Des chercheurs tels que Johan Rockström de l’Institut de Potsdam pour la recherche sur l’impact climatique en Allemagne soutiennent que les économies peuvent croître sans rendre la planète invivable. Ils soulignent des preuves, notamment des pays nordiques, que les économies peuvent continuer à croître même si les émissions de carbone commencent à baisser. Un mouvement de recherche parallèle, connu sous le nom de « post-croissance » ou « décroissance », affirme que le monde doit abandonner l’idée que les économies doivent continuer à croître, car la croissance elle-même est nocive. Ses partisans incluent Kate Raworth, économiste à l’Université d’Oxford et auteure du livre de 2017 Donut Economics , qui a inspiré son propre mouvement mondial.

Changer d’outil de mesure

La croissance économique est généralement mesurée par le produit intérieur brut (PIB). Cet indice composite utilise les dépenses de consommation, ainsi que les investissements des entreprises et des gouvernements, pour arriver à un chiffre de la production économique d’un pays. Les gouvernements ont des départements entiers consacrés à s’assurer que le PIB pointe toujours vers le haut. Et c’est un problème, disent les chercheurs post-croissance : lorsqu’ils sont confrontés à un choix entre deux politiques (l’une plus verte que l’autre), les gouvernements sont susceptibles d’opter pour celle qui est la plus rapide à stimuler la croissance pour soutenir le PIB, et cela pourrait souvent être l’option qui cause le plus de pollution.

Un rapport publié récemment par l’Organisation mondiale de la santé indique que si les décideurs n’avaient pas une obsession pathologique du PIB, ils dépenseraient davantage pour, par exemple, rendre les soins de santé abordables pour chaque citoyen. Mais les dépenses de santé ne contribuent pas au PIB de la même manière que les dépenses à l’industrie ou au militaire.
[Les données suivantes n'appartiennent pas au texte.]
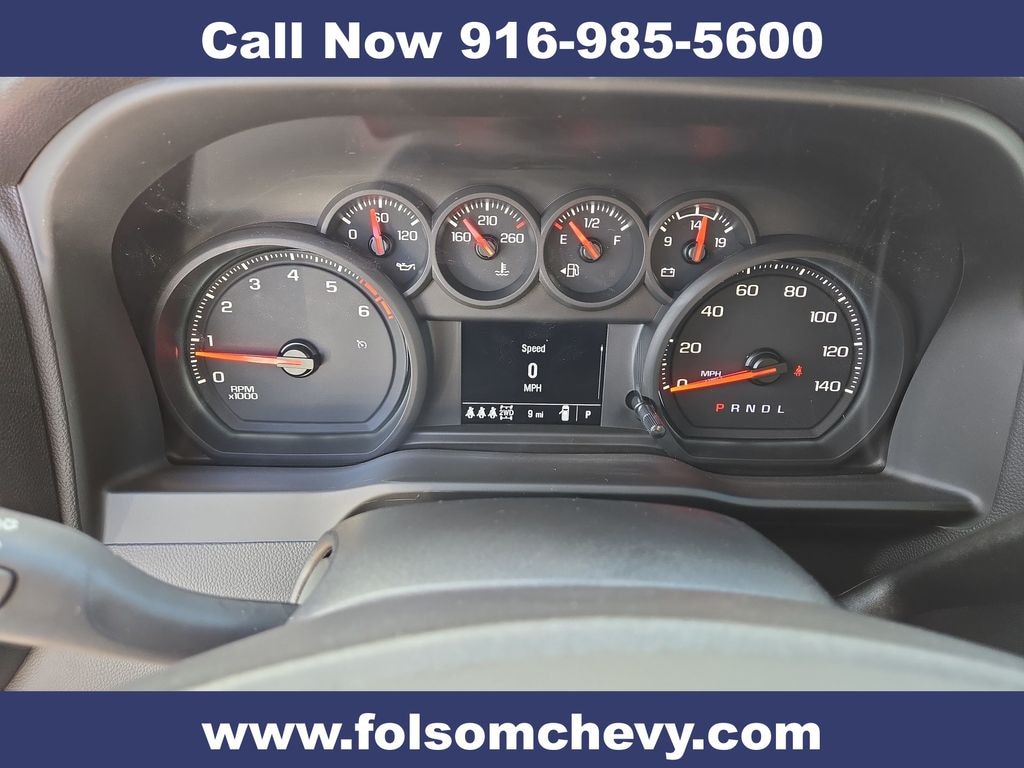 New 2026 Chevrolet Silverado 2500HD Work Truck Truck Crew Cab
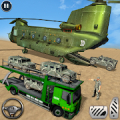 Offroad Army Truck Driving Game: Truck Simulator icon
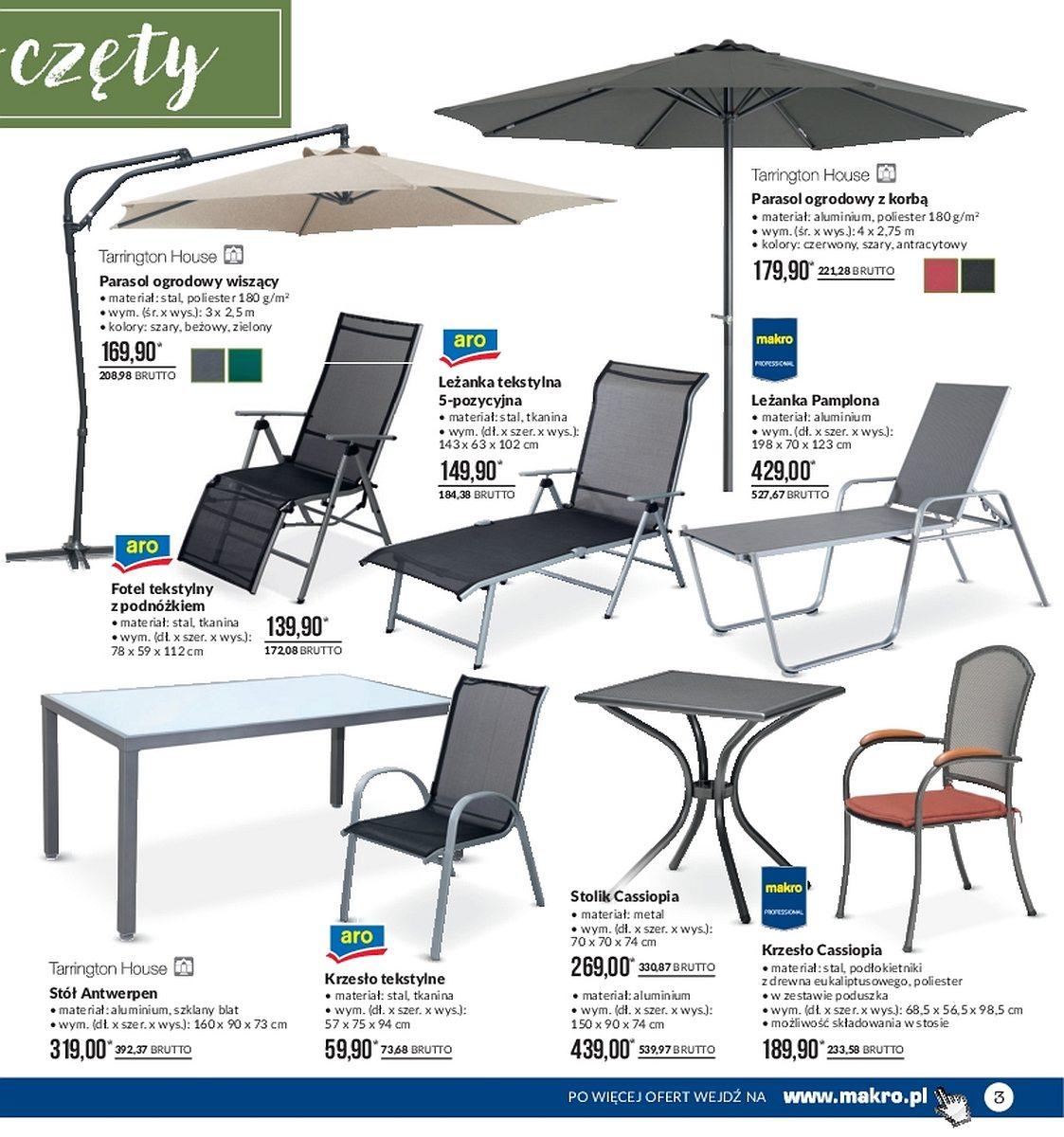 Gazetka promocyjna MAKRO str. 3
Il faut donc changer d’outil de mesure ! De nouvelles règles de ce qui devrait être mesuré par le PIB, incluant la durabilité et le bien-être, devraient être effectives en 2025.

Nouvelles réflexions pour un nouveau projet de société

Fin janvier, la Plateforme intergouvernementale scientifique et politique sur la biodiversité et les services écosystémiques a annoncé une vaste étude sur les causes de la perte de biodiversité, y compris le rôle des systèmes économiques. Plus de 100 auteurs de 40 pays et de domaines différents passeront deux ans à évaluer la littérature sur ce sujet afin de mettre en perspective un nouveau paradigme sociétal. Les scientifiques de la croissance verte et de la post-croissance expriment malheureusement des visions différentes aux décideurs politiques au risque de retarder l’action. En 1972, quand le rapport Meadows est sorti, il était encore temps de débattre, et moins urgent d’agir. Maintenant, le monde manque de temps.